- _PROVIDED RECORDS_

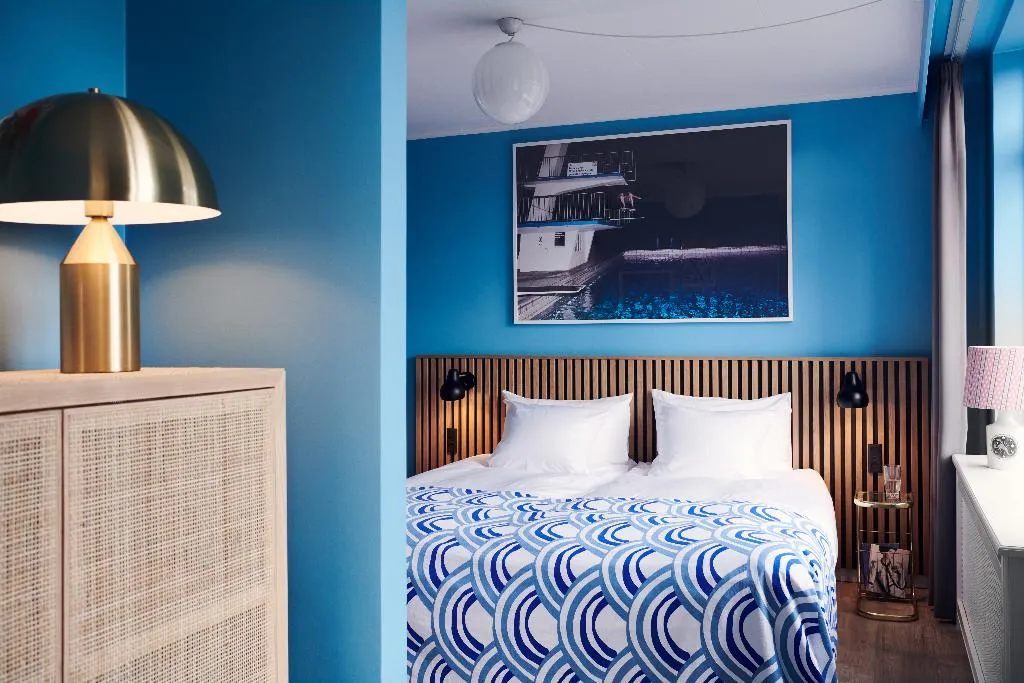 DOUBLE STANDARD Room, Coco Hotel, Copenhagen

* * *

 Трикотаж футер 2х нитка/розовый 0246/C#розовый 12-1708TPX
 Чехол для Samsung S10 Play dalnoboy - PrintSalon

- _YOUR TASK_
Would you retype exactly the lines above, from the line with "Трикотаж футер 2х" to the line with "Чехол для Samsung", with both end lines kept and nothing more?

- _ANSWER TO THE PROBLEM_
 Трикотаж футер 2х нитка/розовый 0246/C#розовый 12-1708TPX
 Чехол для Samsung S10 Play dalnoboy - PrintSalon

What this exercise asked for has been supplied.